2) Next methodological problem: for someone preaching audiences and
communication, Dawson's handle on how you communicate to audiences is
shaky at best, based on bad faith at worst. Who's the audience for
this piece, me? It's supposedly addressed to people like me, who are
supposed to stop using complex language and be more plain speaking.
Why am I not convinced? Ah, the piece isn't addressed to me at all,
which is part of the reason I feel hurt! I'm being spoken about, not
spoken to. Someone speaking *to* me would be showing respect. The
people being spoken to by Dawson seem to agree with her argument that
academics are elitist and need to find the common touch for
Australia's benefit. Who could disagree with such mom and apple pie
sentiments? The only people who would argue are those who are being
spoken about, who would have to cough politely and intrude on the
cosy conversation. Hmm, why does this dynamic seem familiar when
we're talking about multiculturalism?
Dawson may be well-intentioned, but unfortunately, as the Coup put
it, she's getting hustled only knowing half the game. The sad fact is
that while her personal experience of exclusion form academic
language may be genuine (and a genuinely well-worn strategy for
adding human interest to a newspaper column about such personal
topics as the Left, Australia, academia, etc.), that's not why her
column is being published. It's being published because forums like
the Australian, with a resolutely nationalist and masculine mode of
address, have always relied on the "maverick native informant" who
will find a career for themselves by translating information about
feared minorities into a palatable morality play, finishing with the
need for "others" to be more "like us". "I'm an aspiring academic,
and I can tell you that academics conform to all the things you
already thought about them! Luckily, I'm not interested in becoming
one of those, and maybe I can change them for you!" "Oh, she's a good
girl! I wish there were more like her." It could be women dissing
feminism, migrants preaching assimilation, former marxists disavowing
the left, or indigenous people telling the whites how their
communities need paternalistic "tough love" from the government. (Or
"young fogies", Mark!). The narrative of personal identity and
insider-outsiderism is really tailor-made for op-ed. Unfortunately,
making a "public" career for oneself by selling division within a
specific community to the press might not lead to a happy life, or a
particularly sustainable form of professional practice. Because when
shit goes down, you can to turn to your community for support, but
"the Left" or "Australia" or the other abstractions you might be
writing for might not remember you.
3) I know most of Dawson's fans have given up by this point, but
let's talk about this "out there" or "public" where our intellectual
work is supposed to have an impact. If Dawson's underlying point is
that we need to find greater public impact for our work, I'll say,
"Of course, what are you doing a PhD for if you want to write op-ed
for the Australian then?". It's like getting an computer science
degree to retail computers. That's not saying the Australian doesn't
have an impact, but it's through the reflection/refraction of
sentiment, rather than evidence-based intellectual argument of the
kind academics are trained for (and I think the real transformations
of people's imaginations through the press come in feature writing,
rather than op-ed, though I think op-ed can have a useful "disrupting
storylines" capability when done well). The press is also seductive
in its reach, yet impossible to gauge in its real impact, so it's the
perfect domain for academics to project their fantasies about
changing the world. It's dangerously overrated by CS as a sphere, in
a way that only seems to feed the anxieties Dawson and other
postgrads are expressing about the field.
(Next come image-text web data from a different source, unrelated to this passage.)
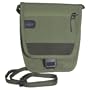 Eagle Creek Priority Pouch - Palm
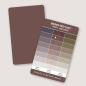 Preview: Essential Color Card Deck von Joen Wolfrom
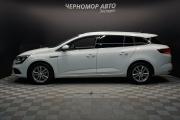 Renault Megane IV Крым  - изображение 27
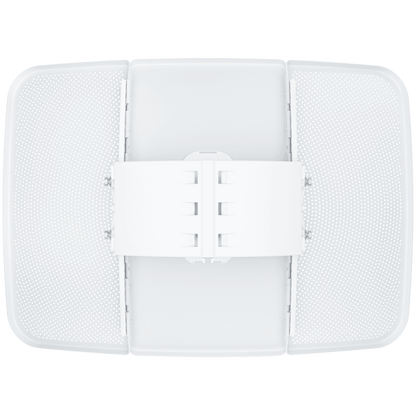 Ubiquiti LTU-XR 5 GHz LTU client that establishes extremely long-distance wireless links with an LTU Rocket serving – view 3
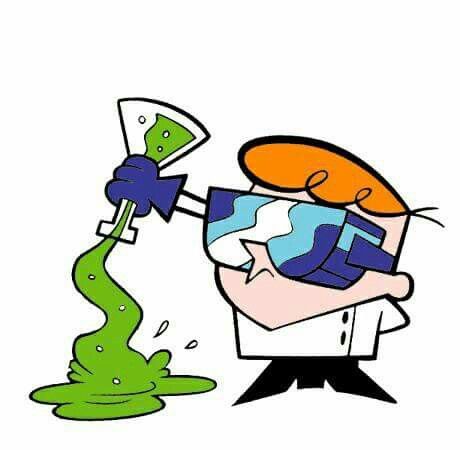 Dexter Cartoon, Dexter’s Laboratory, Dexter's Laboratory, Dexter Laboratory, Happy Stickers, 90s Cartoons, 90s Cartoon, Cartoon Tattoos, Tableau Art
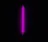 LK Baits Lumino Isotope, fialový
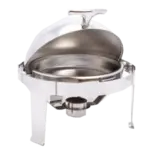Alegacy Foodservice Products AL400A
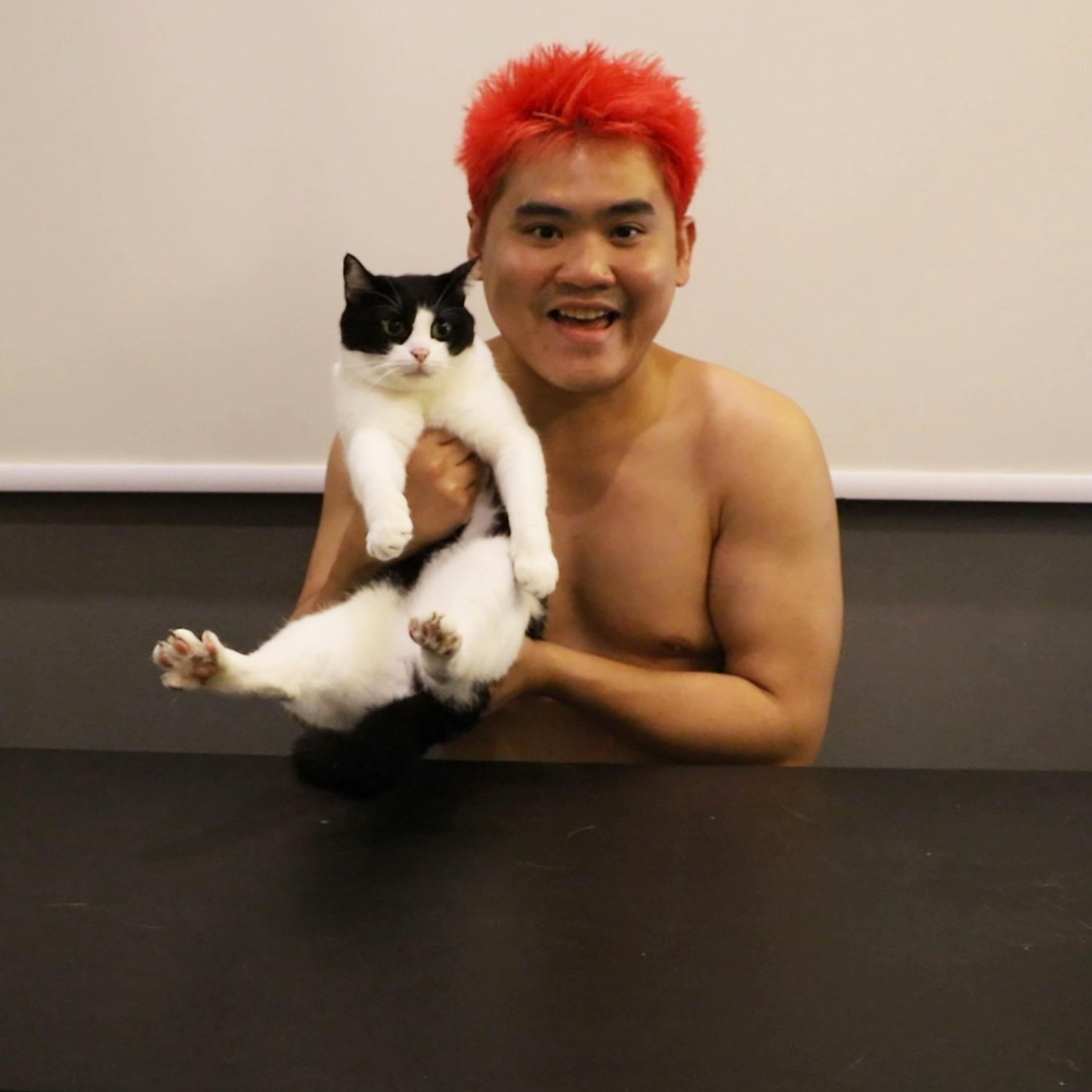 @lowcostcosplayreal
I know plenty of people trained in cultural disciplines by the
academy who have a massive impact on the "public out there" - they
work in policy. I think educators would do well to steer students who
want to affect the public in a general way into that domain. Most
would quickly realise they've become too busy with real politics to
worry about people writing theory :7. I do policy work occasionally,
and it's hard and frustrating and makes me realise I'm much better at
other kinds of textual work. But because it's attached to law/
resources, the effects are real. In policy/govt. there is an actual
political mechanism determining "the common", rather than just a
vague sense that your writing should conform to a certain style to be
politically effective. I think that lack of confidence in the
"publicness" of that style is a part of the resentment and anxiety
over theory comes from the chattering classes.
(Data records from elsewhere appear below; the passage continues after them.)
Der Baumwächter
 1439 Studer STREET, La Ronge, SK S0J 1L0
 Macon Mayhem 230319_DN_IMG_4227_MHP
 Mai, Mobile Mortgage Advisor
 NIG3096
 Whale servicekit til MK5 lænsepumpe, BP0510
At the other end of the scale, the other place you know your work can
have an impact is in teaching. The feedback on your performance is
measurable. Whenever I run facilitation exercises where non-academics
talk about significant events in their lives, I get surprised at how
many will talk about experiences where a teacher inspired them or
shifted their thinking. They don't talk about what they read in the
paper. Personally, I think that individual good teachers I know have
had more of a transformational impact on "culture" than Keith
Windschuttle, and that makes me happy. Personal interaction might
seem marginal to the "public", but what it lacks in scale, it makes
up for in depth, impact and longevity. I'll always forward that
against the ivory tower argument, and I miss teaching for that reason.
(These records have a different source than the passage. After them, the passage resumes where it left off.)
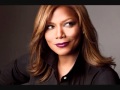 Queen Latifah - What Love Has Joined Together - robgina62 Queen Latifah - What Love Has Joined Together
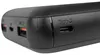 Powerbank mit 3 USB Ports, 20.000 mAh, USB-C & 2 USB-A Produktbild-Vorschau 6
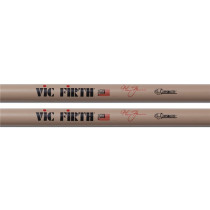 STH - Corpsmaster Snare Sticks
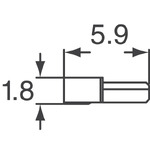 FI-S20S Image.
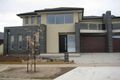 Property photo of 51 Katrina Drive Burnside Heights VIC 3023
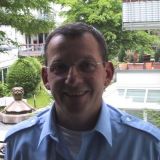 Profilfoto von Klaus Kellner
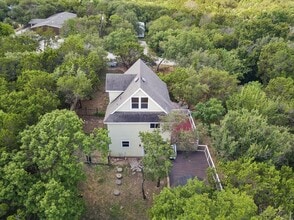 Building Photo - 15306 Oklahoma St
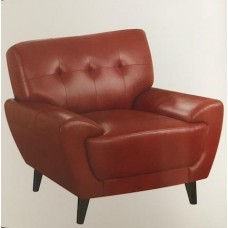 Morgan Chair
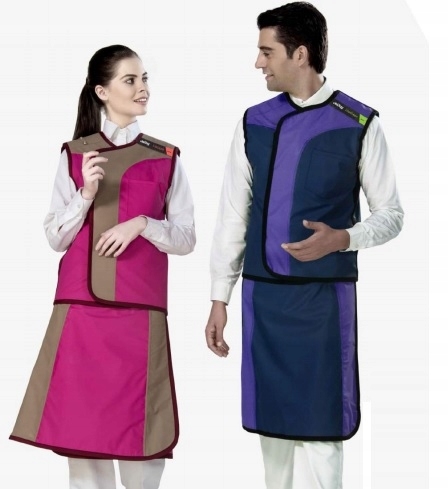 23d0673b40d19cb560e7cd4c0d35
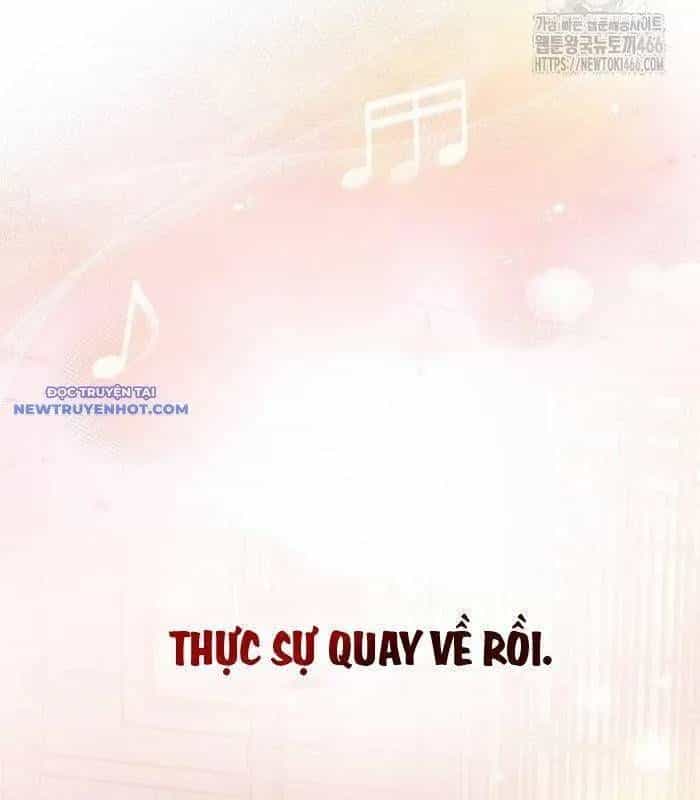 Dành Cho Thiên Tài Âm Nhạc - Chương 52.5 - ảnh 239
If you want to talk about *writing* (which is ultimately what Dawson
was talking about: language, not real political impact), then your
style reflects your own capability and the forum you're working in,
and hopefully as an academic or media professional you learn that
those are going to be different depending on the circumstance.
For me, that's the most important message that can be, should be, and
too occasionally is put forward in places like the Australian, both
for academia and multiculturalism: there's more than one way of doing
things, and that's good, because everyone's different. If people use
obscure language, have unusual customs, or seem to be somehow out of
step with the "public" we're all used to, that can be an opportunity
for us to learn, rather than being a threat to our interests.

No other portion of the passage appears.